Katy, Texas, Oct. 22, 2024 (GLOBE NEWSWIRE) -- CW Petroleum Corp (OTCQB: CWPE) (the “Company”), a leading provider of Specialty Renewable and Hydrocarbon Motor Fuels, today announces to its investors and future investors it has reduced its Outstanding Shares of Common Stock from 122,445,898 to 22,445,898, an 81.66% reduction.
Chief Executive Officer, Christopher Williams, has elected to exchange his 100,000,000 restricted shares of Common Stock for 1,000,000 shares of Series A Preferred Stock to reflect Mr. Williams’ previous ownership in 2022. The original share exchange occurred on June 14, 2022, and was effectuated due to a potential capital raise and up list to Nasdaq in 2023, which did not occur.
6.14.2022 - Form 1-U
2.10.2023 - Form 1-U
Mr. Williams commented, “We are committed to growing the Company and providing shareholder value. This share exchange will help place the Company in a better share structure, allowing greater access to growth capital and greater market liquidity for its common stock in the open market. Company revenues for the nine months ended September 30, 2024 were $6.27MM”.

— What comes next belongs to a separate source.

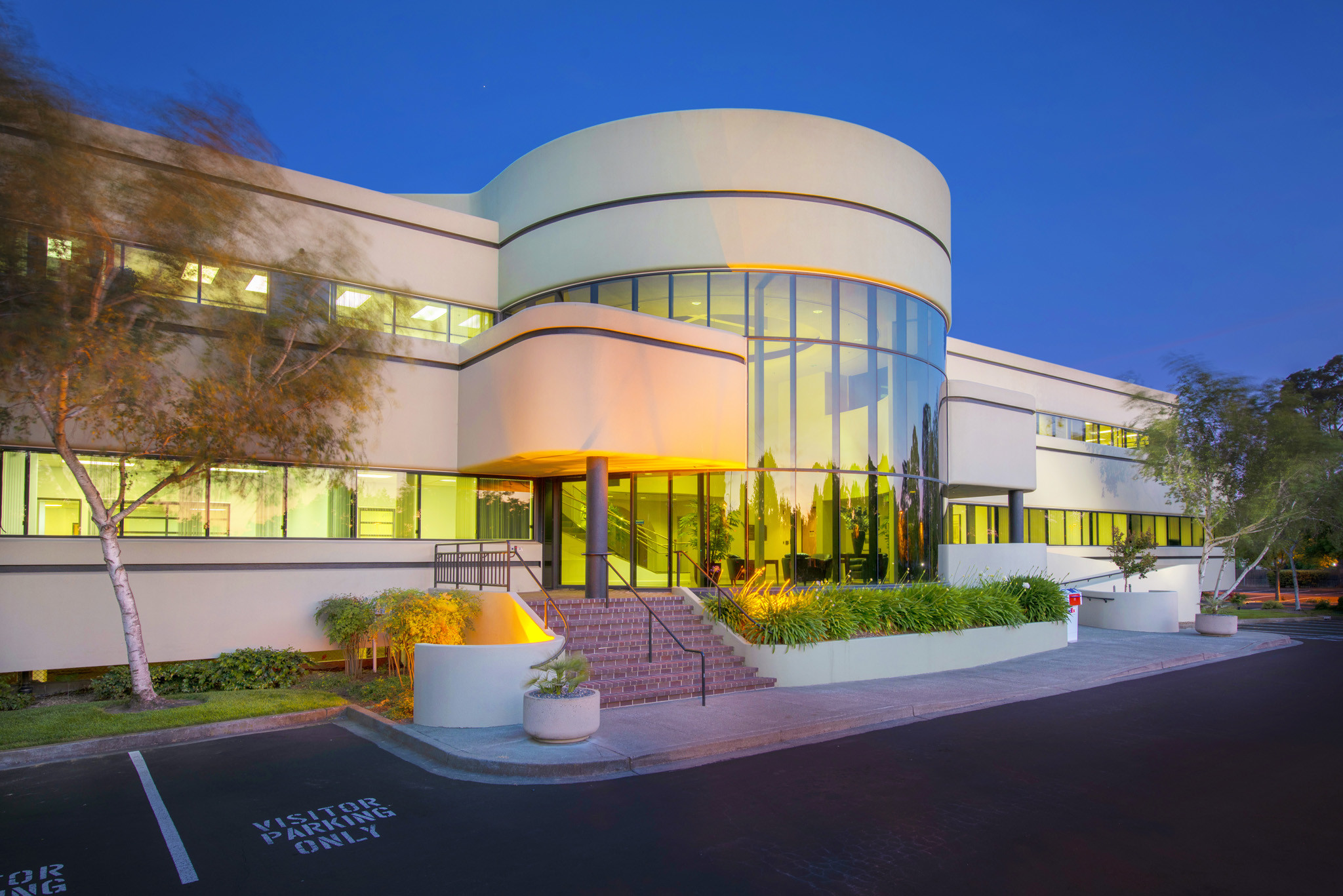 1304 Southpoint Blvd, Petaluma, CA for lease Building Photo- Image 1 of 8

Additional accurate information about the Company can be found on the OTC Markets website at the following links and on the EDGAR filing website provided by the Securities and Exchange Commission:
CWPE Overview
CWPE Security Detail
CWPE Financials
CWPE News
CWPE Disclosures
For additional information, visit our website at cwpetroleumcorp.com, email: investor@cwpetroleumcorp.com, or call 281-817-8099
About CW Petroleum Corp
CW Petroleum Corp was incorporated in the State of Texas on April 29, 2005, and began operations in 2011. On April 14, 2018, CW Petroleum Corp was incorporated in the State of Wyoming. On April 15, 2018, the Texas corporation became a wholly-owned subsidiary of the Company through a share exchange. CW Petroleum Corp (Wyoming) is a holding company and through our wholly-owned subsidiary, we supply and distribute biodiesel, biodiesel blends, ultra-low sulfur diesel, gasoline blends, renewable gasoline, and a proprietary EPA-approved reformulated no ethanol gasoline to distributors, convenience stores, and marinas.

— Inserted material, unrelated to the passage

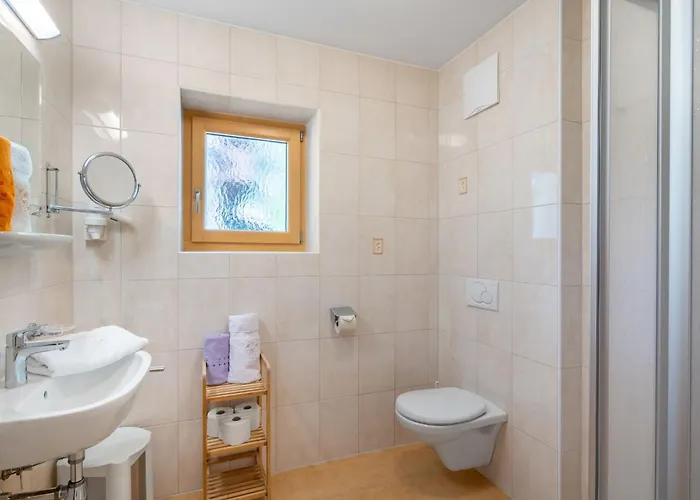 Rosa-6 By Interhome 迈尔霍芬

Forward-Looking Statements
Certain statements in this press release may contain “forward-looking statements” regarding future events and our future results. All statements other than statements of historical facts are statements that could be deemed to be forward-looking statements. These statements are based on current expectations, estimates, forecasts, and projections about the oil and gas markets, energy markets, and other markets in which we operate and the beliefs and assumptions of our management. Words such as “expects,” “anticipates,” “targets,” “goals,” “projects,” “intends,” “plans,” “believes,” “seeks,” “estimates,” “endeavors,” “strives,” “may,” or variations of such words and similar expressions are intended to identify such forward-looking statements. Readers are cautioned that these forward-looking statements are subject to a number of risks, uncertainties, and assumptions that are difficult to predict, estimate, or verify. Therefore, actual results may differ materially and adversely from those expressed in any forward-looking statements. Such risks and uncertainties include those factors described in the Company’s most recent annual report on Form 1-K, which may be amended or supplemented by subsequent semiannual reports on Form 1-SA or other reports filed with the Securities and Exchange Commission. Readers are cautioned not to place undue reliance on these forward-looking statements. The forward-looking statements are made only as of the date hereof, and the Company undertakes no obligation to publicly release the result of any revisions to these forward-looking statements. For more information, please refer to the Company’s filings with the Securities and Exchange Commission.
No Offer or Solicitation
This communication does not constitute an offer to sell or the solicitation of an offer to buy any securities or a solicitation of any vote or approval, nor shall there be any sale of securities in any jurisdiction in which such offer, solicitation, or sale would be unlawful prior to registration or qualification under the securities laws of any such jurisdiction.